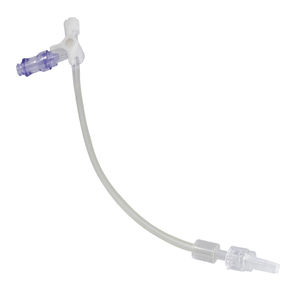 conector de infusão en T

* * *

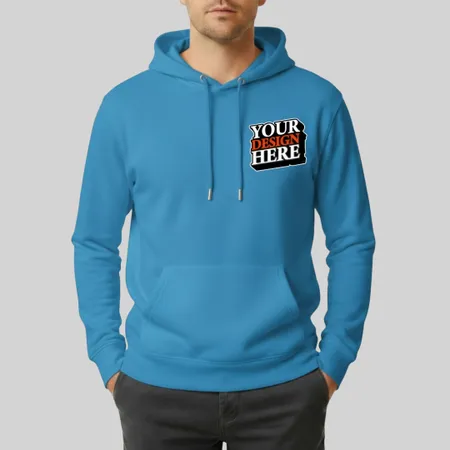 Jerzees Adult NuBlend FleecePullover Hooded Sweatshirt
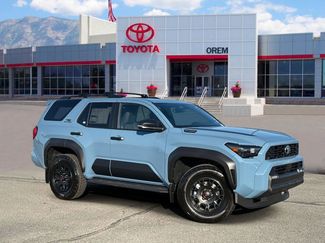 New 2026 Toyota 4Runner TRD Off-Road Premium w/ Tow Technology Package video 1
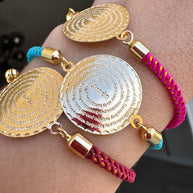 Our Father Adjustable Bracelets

### EXERCISE GOAL
Using the records above, print exactly the run of lines that starts with the line with "Jerzees Adult NuBlend" and goes on through the line with "Our Father Adjustable Bracelets", pictures excluded.

### RESULT OF THIS EXERCISE
 Jerzees Adult NuBlend FleecePullover Hooded Sweatshirt
 New 2026 Toyota 4Runner TRD Off-Road Premium w/ Tow Technology Package video 1
 Our Father Adjustable Bracelets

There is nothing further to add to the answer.